#### WHAT YOU SHOULD DO:
The required output is the full listing below, reproduced word for word.
Content starts
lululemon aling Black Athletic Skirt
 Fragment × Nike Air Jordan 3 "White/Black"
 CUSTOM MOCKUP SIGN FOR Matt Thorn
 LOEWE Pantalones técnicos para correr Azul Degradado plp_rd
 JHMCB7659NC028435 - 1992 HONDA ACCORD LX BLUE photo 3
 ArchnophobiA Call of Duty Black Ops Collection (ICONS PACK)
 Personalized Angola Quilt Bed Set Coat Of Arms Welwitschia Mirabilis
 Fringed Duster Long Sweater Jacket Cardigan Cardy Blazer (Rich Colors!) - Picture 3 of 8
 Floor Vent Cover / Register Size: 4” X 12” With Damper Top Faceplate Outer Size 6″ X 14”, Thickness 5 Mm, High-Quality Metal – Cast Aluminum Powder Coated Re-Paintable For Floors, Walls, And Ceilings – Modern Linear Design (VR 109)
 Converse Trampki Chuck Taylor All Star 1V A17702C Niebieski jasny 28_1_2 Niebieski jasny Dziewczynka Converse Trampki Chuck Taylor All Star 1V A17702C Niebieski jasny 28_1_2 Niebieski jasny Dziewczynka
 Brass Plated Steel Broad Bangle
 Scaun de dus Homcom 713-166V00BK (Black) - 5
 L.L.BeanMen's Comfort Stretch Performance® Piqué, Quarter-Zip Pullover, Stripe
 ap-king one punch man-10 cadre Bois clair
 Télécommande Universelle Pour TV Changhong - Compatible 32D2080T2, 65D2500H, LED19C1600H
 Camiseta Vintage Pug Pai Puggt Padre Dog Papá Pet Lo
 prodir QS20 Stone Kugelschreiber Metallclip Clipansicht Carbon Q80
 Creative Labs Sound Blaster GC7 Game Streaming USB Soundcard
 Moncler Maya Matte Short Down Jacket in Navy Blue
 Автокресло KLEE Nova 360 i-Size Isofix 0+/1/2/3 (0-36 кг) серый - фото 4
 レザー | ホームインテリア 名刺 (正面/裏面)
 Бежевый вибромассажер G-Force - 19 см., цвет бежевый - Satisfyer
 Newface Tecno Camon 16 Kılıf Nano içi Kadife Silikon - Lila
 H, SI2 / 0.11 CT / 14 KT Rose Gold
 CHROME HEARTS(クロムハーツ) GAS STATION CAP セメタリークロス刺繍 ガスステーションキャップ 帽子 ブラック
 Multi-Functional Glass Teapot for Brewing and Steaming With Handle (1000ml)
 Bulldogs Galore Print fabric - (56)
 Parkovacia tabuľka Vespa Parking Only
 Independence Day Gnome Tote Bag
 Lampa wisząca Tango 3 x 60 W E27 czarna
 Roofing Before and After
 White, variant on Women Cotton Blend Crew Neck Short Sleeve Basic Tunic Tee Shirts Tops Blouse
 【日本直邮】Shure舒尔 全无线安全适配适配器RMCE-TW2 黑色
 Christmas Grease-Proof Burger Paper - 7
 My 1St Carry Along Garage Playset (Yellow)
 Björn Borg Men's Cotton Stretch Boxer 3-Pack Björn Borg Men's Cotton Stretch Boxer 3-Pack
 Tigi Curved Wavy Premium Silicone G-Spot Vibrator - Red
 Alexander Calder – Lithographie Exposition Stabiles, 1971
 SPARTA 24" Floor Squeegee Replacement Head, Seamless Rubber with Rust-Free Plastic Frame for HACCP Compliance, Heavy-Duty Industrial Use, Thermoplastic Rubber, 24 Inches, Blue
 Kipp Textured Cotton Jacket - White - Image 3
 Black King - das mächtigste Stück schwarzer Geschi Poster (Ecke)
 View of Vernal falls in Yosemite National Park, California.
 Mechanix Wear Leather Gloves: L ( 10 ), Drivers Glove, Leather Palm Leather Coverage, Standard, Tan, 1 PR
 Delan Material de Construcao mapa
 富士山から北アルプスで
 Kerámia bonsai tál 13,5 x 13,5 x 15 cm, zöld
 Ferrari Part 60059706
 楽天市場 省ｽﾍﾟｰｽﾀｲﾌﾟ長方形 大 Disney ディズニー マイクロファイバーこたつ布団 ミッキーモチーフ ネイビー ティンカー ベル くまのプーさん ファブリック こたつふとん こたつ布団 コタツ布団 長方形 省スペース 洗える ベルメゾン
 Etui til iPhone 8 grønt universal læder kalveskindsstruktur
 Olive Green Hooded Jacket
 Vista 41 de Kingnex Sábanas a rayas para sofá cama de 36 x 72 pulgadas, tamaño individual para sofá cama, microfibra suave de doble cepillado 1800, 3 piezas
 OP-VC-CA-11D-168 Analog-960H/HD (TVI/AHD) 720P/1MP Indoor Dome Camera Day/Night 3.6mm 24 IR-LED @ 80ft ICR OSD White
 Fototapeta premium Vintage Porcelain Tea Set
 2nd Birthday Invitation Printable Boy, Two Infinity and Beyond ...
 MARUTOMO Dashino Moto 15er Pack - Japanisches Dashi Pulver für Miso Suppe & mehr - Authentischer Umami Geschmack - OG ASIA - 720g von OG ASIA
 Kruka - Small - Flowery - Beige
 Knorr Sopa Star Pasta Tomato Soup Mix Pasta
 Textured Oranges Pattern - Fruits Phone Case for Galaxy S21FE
Content ends
#### TASK ANSWER:
lululemon aling Black Athletic Skirt
 Fragment × Nike Air Jordan 3 "White/Black"
 CUSTOM MOCKUP SIGN FOR Matt Thorn
 LOEWE Pantalones técnicos para correr Azul Degradado plp_rd
 JHMCB7659NC028435 - 1992 HONDA ACCORD LX BLUE photo 3
 ArchnophobiA Call of Duty Black Ops Collection (ICONS PACK)
 Personalized Angola Quilt Bed Set Coat Of Arms Welwitschia Mirabilis
 Fringed Duster Long Sweater Jacket Cardigan Cardy Blazer (Rich Colors!) - Picture 3 of 8
 Floor Vent Cover / Register Size: 4” X 12” With Damper Top Faceplate Outer Size 6″ X 14”, Thickness 5 Mm, High-Quality Metal – Cast Aluminum Powder Coated Re-Paintable For Floors, Walls, And Ceilings – Modern Linear Design (VR 109)
 Converse Trampki Chuck Taylor All Star 1V A17702C Niebieski jasny 28_1_2 Niebieski jasny Dziewczynka Converse Trampki Chuck Taylor All Star 1V A17702C Niebieski jasny 28_1_2 Niebieski jasny Dziewczynka
 Brass Plated Steel Broad Bangle
 Scaun de dus Homcom 713-166V00BK (Black) - 5
 L.L.BeanMen's Comfort Stretch Performance® Piqué, Quarter-Zip Pullover, Stripe
 ap-king one punch man-10 cadre Bois clair
 Télécommande Universelle Pour TV Changhong - Compatible 32D2080T2, 65D2500H, LED19C1600H
 Camiseta Vintage Pug Pai Puggt Padre Dog Papá Pet Lo
 prodir QS20 Stone Kugelschreiber Metallclip Clipansicht Carbon Q80
 Creative Labs Sound Blaster GC7 Game Streaming USB Soundcard
 Moncler Maya Matte Short Down Jacket in Navy Blue
 Автокресло KLEE Nova 360 i-Size Isofix 0+/1/2/3 (0-36 кг) серый - фото 4
 レザー | ホームインテリア 名刺 (正面/裏面)
 Бежевый вибромассажер G-Force - 19 см., цвет бежевый - Satisfyer
 Newface Tecno Camon 16 Kılıf Nano içi Kadife Silikon - Lila
 H, SI2 / 0.11 CT / 14 KT Rose Gold
 CHROME HEARTS(クロムハーツ) GAS STATION CAP セメタリークロス刺繍 ガスステーションキャップ 帽子 ブラック
 Multi-Functional Glass Teapot for Brewing and Steaming With Handle (1000ml)
 Bulldogs Galore Print fabric - (56)
 Parkovacia tabuľka Vespa Parking Only
 Independence Day Gnome Tote Bag
 Lampa wisząca Tango 3 x 60 W E27 czarna
 Roofing Before and After
 White, variant on Women Cotton Blend Crew Neck Short Sleeve Basic Tunic Tee Shirts Tops Blouse
 【日本直邮】Shure舒尔 全无线安全适配适配器RMCE-TW2 黑色
 Christmas Grease-Proof Burger Paper - 7
 My 1St Carry Along Garage Playset (Yellow)
 Björn Borg Men's Cotton Stretch Boxer 3-Pack Björn Borg Men's Cotton Stretch Boxer 3-Pack
 Tigi Curved Wavy Premium Silicone G-Spot Vibrator - Red
 Alexander Calder – Lithographie Exposition Stabiles, 1971
 SPARTA 24" Floor Squeegee Replacement Head, Seamless Rubber with Rust-Free Plastic Frame for HACCP Compliance, Heavy-Duty Industrial Use, Thermoplastic Rubber, 24 Inches, Blue
 Kipp Textured Cotton Jacket - White - Image 3
 Black King - das mächtigste Stück schwarzer Geschi Poster (Ecke)
 View of Vernal falls in Yosemite National Park, California.
 Mechanix Wear Leather Gloves: L ( 10 ), Drivers Glove, Leather Palm Leather Coverage, Standard, Tan, 1 PR
 Delan Material de Construcao mapa
 富士山から北アルプスで
 Kerámia bonsai tál 13,5 x 13,5 x 15 cm, zöld
 Ferrari Part 60059706
 楽天市場 省ｽﾍﾟｰｽﾀｲﾌﾟ長方形 大 Disney ディズニー マイクロファイバーこたつ布団 ミッキーモチーフ ネイビー ティンカー ベル くまのプーさん ファブリック こたつふとん こたつ布団 コタツ布団 長方形 省スペース 洗える ベルメゾン
 Etui til iPhone 8 grønt universal læder kalveskindsstruktur
 Olive Green Hooded Jacket
 Vista 41 de Kingnex Sábanas a rayas para sofá cama de 36 x 72 pulgadas, tamaño individual para sofá cama, microfibra suave de doble cepillado 1800, 3 piezas
 OP-VC-CA-11D-168 Analog-960H/HD (TVI/AHD) 720P/1MP Indoor Dome Camera Day/Night 3.6mm 24 IR-LED @ 80ft ICR OSD White
 Fototapeta premium Vintage Porcelain Tea Set
 2nd Birthday Invitation Printable Boy, Two Infinity and Beyond ...
 MARUTOMO Dashino Moto 15er Pack - Japanisches Dashi Pulver für Miso Suppe & mehr - Authentischer Umami Geschmack - OG ASIA - 720g von OG ASIA
 Kruka - Small - Flowery - Beige
 Knorr Sopa Star Pasta Tomato Soup Mix Pasta
 Textured Oranges Pattern - Fruits Phone Case for Galaxy S21FE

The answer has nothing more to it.